## Required work
Take the lines below from the one with "SOLTEK LUX SLEEVELESS" through the one with "Shackle Hitch Receiver" and print only them, exactly. Don't print the pictures.

## Given data
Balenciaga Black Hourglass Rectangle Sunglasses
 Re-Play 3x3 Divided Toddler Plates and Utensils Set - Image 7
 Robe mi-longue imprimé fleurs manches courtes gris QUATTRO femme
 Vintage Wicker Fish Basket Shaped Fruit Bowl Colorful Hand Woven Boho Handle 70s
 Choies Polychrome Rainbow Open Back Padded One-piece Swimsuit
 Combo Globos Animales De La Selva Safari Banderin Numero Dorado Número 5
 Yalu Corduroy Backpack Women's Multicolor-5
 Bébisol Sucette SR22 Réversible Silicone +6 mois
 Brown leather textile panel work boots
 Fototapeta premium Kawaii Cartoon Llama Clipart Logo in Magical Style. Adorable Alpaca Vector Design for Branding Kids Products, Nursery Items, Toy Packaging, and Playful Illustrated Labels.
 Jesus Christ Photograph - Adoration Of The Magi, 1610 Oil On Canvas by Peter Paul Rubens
...
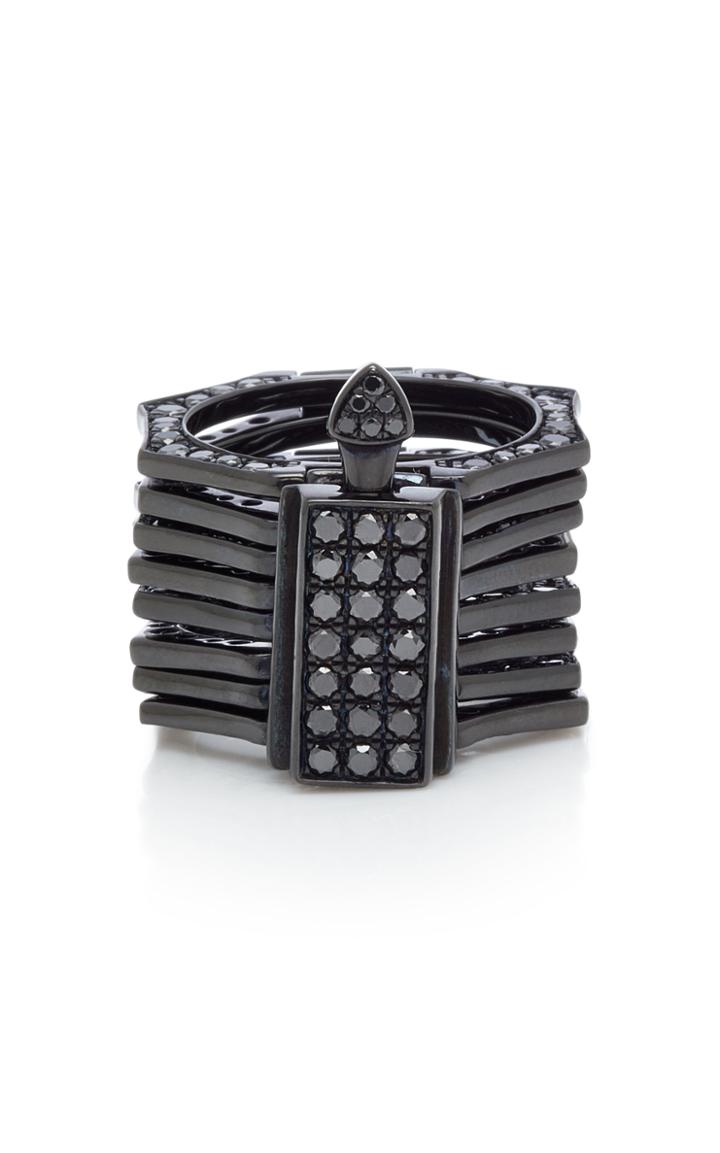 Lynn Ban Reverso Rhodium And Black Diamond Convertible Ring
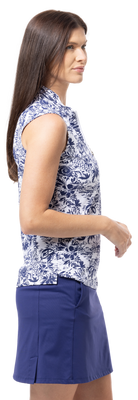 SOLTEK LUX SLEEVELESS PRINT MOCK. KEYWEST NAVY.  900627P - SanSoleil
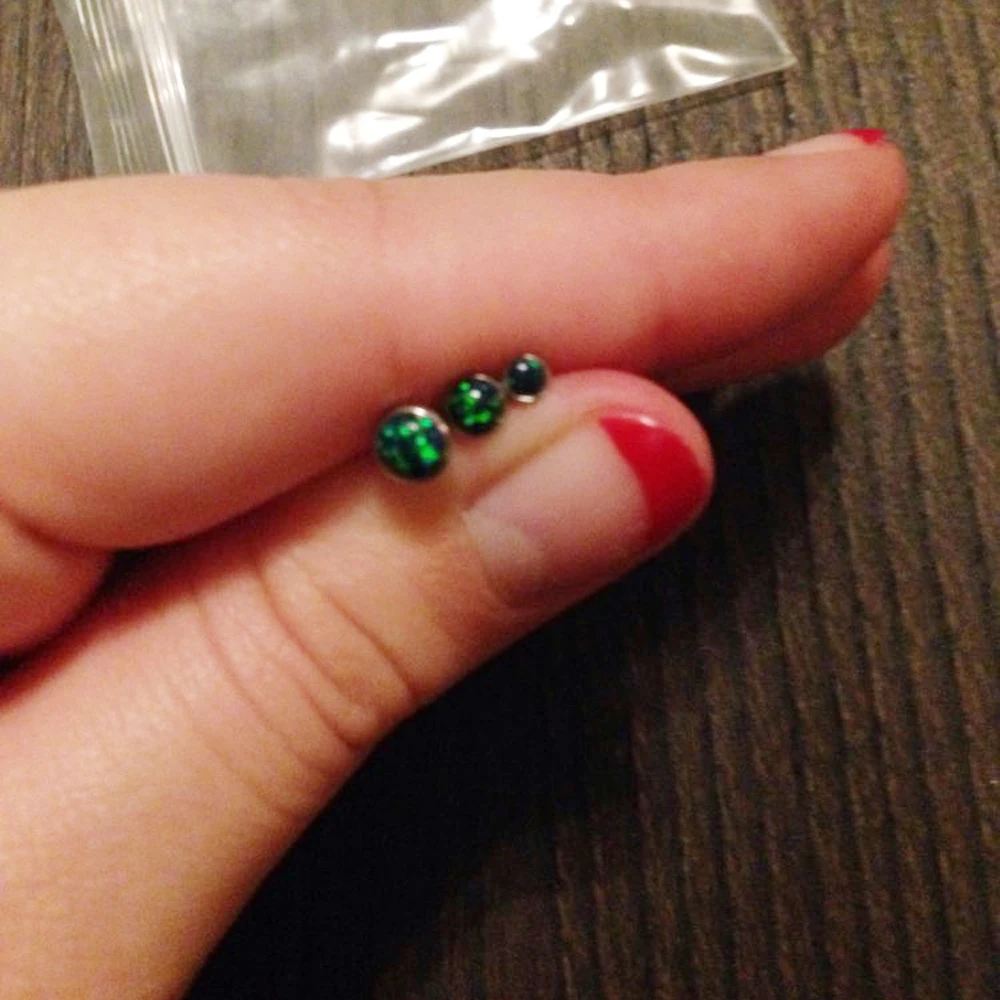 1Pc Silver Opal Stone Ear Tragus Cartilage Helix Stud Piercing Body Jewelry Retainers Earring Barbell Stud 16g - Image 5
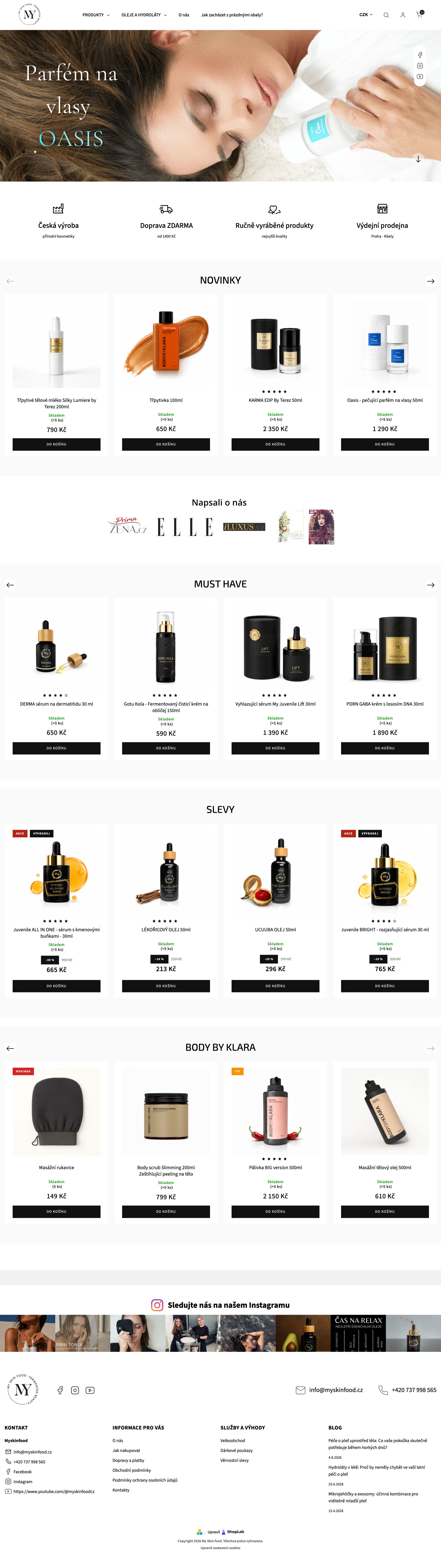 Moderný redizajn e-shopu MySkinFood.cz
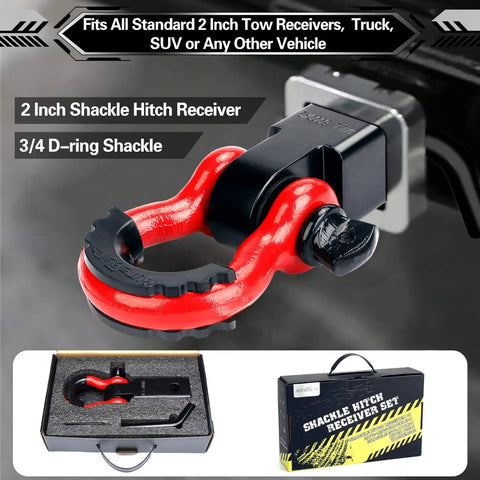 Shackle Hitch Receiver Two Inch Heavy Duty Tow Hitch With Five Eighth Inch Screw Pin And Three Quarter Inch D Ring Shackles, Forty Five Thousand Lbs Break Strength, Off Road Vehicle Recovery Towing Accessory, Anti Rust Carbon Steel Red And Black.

## Solution for this exercise
 SOLTEK LUX SLEEVELESS PRINT MOCK. KEYWEST NAVY.  900627P - SanSoleil
 1Pc Silver Opal Stone Ear Tragus Cartilage Helix Stud Piercing Body Jewelry Retainers Earring Barbell Stud 16g - Image 5
 Moderný redizajn e-shopu MySkinFood.cz
 Shackle Hitch Receiver Two Inch Heavy Duty Tow Hitch With Five Eighth Inch Screw Pin And Three Quarter Inch D Ring Shackles, Forty Five Thousand Lbs Break Strength, Off Road Vehicle Recovery Towing Accessory, Anti Rust Carbon Steel Red And Black.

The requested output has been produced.